Tribunal de Justiça de Alagoas, do DF e de mais seis estados estão na mira da Corregedoria Nacional de Justiça.

Determinado pelo Conselho Nacional de Justiça (CNJ), o concurso para legalização de cartórios extrajudiciais vai atingir cerca de 150 (62%) das 242 serventias em Alagoas, o dobro do que tencionava até quatro meses atrás o Tribunal de Justiça do estado. O TJ-AL, aliás, precisa correr contra o tempo para cumprir com recente resolução da Corregedoria do CNJ que cobra a realização do concurso há pelo menos três anos.

.Vice-presidente do TJ alagoano e presidente da comissão responsável pelas providências para a realização do concurso, o desembargador Tutmés Airan afirma que a resolução que vai estabelecer os critérios para o mesmo deve ser submetida em mais algumas semanas ao pleno do tribunal. Além de já ter estabelecido a Fundepes (Fundação Universitária de Desenvolvimentod e Extensão e Pesquisa), a resolução também tratará do aumento do número de serventias que serão objeto do concurso, isto porque o TJ-AL desistiu do projeto de readequação que seria enviado à Assembleia Legislativa  e que previa a extinção de cartórios em alguns municípios.
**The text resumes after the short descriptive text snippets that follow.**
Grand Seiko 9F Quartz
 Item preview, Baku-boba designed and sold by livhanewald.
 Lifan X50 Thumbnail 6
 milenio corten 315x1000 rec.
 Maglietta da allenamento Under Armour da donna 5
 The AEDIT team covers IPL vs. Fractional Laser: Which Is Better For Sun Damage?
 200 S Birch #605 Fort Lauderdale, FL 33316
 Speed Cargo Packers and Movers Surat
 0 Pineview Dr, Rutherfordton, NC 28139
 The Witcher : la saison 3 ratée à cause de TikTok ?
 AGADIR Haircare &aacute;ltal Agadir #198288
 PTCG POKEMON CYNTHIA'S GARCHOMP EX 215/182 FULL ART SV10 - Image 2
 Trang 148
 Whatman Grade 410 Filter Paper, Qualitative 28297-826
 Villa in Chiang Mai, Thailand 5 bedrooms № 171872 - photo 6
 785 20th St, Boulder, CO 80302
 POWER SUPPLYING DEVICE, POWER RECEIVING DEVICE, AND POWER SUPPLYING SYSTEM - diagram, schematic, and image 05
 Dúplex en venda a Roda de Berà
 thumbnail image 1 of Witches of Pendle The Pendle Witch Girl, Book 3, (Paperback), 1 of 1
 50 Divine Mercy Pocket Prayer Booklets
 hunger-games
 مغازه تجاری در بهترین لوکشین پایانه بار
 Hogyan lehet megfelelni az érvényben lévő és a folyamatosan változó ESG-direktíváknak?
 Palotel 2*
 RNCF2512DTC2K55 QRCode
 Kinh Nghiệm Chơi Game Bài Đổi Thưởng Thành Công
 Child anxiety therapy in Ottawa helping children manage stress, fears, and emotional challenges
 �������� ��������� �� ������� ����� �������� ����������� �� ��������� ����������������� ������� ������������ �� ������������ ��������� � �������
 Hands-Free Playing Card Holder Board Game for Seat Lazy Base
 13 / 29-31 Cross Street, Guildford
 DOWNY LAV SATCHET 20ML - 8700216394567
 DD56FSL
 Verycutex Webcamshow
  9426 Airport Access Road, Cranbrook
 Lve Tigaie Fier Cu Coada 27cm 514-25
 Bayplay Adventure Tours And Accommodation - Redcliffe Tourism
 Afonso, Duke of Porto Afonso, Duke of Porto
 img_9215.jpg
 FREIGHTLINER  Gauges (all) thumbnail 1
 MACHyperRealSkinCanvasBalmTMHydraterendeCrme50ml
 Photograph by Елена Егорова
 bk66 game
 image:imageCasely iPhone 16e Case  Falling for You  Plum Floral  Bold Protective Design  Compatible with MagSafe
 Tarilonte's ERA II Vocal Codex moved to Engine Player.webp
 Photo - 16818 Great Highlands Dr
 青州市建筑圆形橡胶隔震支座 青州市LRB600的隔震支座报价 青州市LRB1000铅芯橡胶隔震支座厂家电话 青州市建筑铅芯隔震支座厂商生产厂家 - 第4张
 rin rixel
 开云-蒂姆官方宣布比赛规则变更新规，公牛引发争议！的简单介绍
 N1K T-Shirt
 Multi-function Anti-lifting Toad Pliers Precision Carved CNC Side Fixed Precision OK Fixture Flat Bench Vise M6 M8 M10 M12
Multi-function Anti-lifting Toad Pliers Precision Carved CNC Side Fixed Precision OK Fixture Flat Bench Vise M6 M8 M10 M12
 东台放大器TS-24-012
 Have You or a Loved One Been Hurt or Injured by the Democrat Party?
Anunciado em abril por Tutmés Airan, o projeto pretendia acabar com os cartórios considerados economicamente inviáveis e para os quais, diz, pode até não surgir candidatos interessados. A ideia era a de manter em atividade apenas 129 cartórios no estado, sendo que em 75 seria necessária a realização do concurso público por estarem sendo ocupados por delegatários interinos.

A POLÊMICA DO CONCURSO

A realização de concurso público nos cartórios extrajudiciais é uma polêmica que remonta à Constituição de 1988, que em seu artigo 236, § 3º, estabelece que o “ingresso na atividade notarial e de registro depende de concurso público de provas e títulos, não se permitindo que qualquer serventia fique vaga, sem abertura de concurso de provimento ou de remoção, por mais de seis meses”. Mas transcorridos quase 25 anos, a realidade em vários estados, dentre eles Alagoas, é a de cartórios ainda sob o regime da hereditariedade, cuja situação irregular somente foi oficialmente reconhecida pelo CNJ há quatro anos, quando editou a Resolução nº 80, de 9 de junho de 2009,  na qual declarou a vacância dos serviços notariais e de registros que não estivesse em acordo com o preceito constitucional. Destaque-se que a medida atingiu apenas as serventias ocupadas após a promulgação da Constituição de 1988. No mesmo dia, mas em outra resolução, a de nº 81, o CNJ definiu os critérios de realização do concurso público, inclusive contendo uma minuta de edital para servir de modelo aos tribunais de Justiça. De lá para cá, houve uma batalha judicial crescente envolvendo principalmente a Associação dos Notários e Registradores do Brasil (Anoreg-BR)  e suas afiliadas nos estados, que recorreram inclusive ao Supremo Tribunal Federal (STF) contra decisões do CNJ.

Ao longo deste tempo, em que mais de 5.500 cartórios em todo o país chegaram a ser considerados vagos pelo CNJ, e, portanto deveriam passar por concurso, a situação no momento é de cobrança ainda pela seleção nos estados de Alagoas, Amazonas,  Mato Grosso, Pará, Paraíba, Sergipe e Tocantins e no Distrito Federal. Em decisão divulgada no último dia 19, o corregedor Nacional de Justiça, Francisco Falcão, deu prazo de 30 dias para que os presidentes dos tribunais destes estados e do DF “sob pena de proposta de abertura de processos disciplinares cabíveis, encaminhem cópia da publicação do edital do concurso público para a delegação de serventias extrajudiciais e, caso ainda não tenham feito, esclareçam em que fase se encontra os procedimentos preparatórios para tal e qual cronograma para sua efetiva publicação”.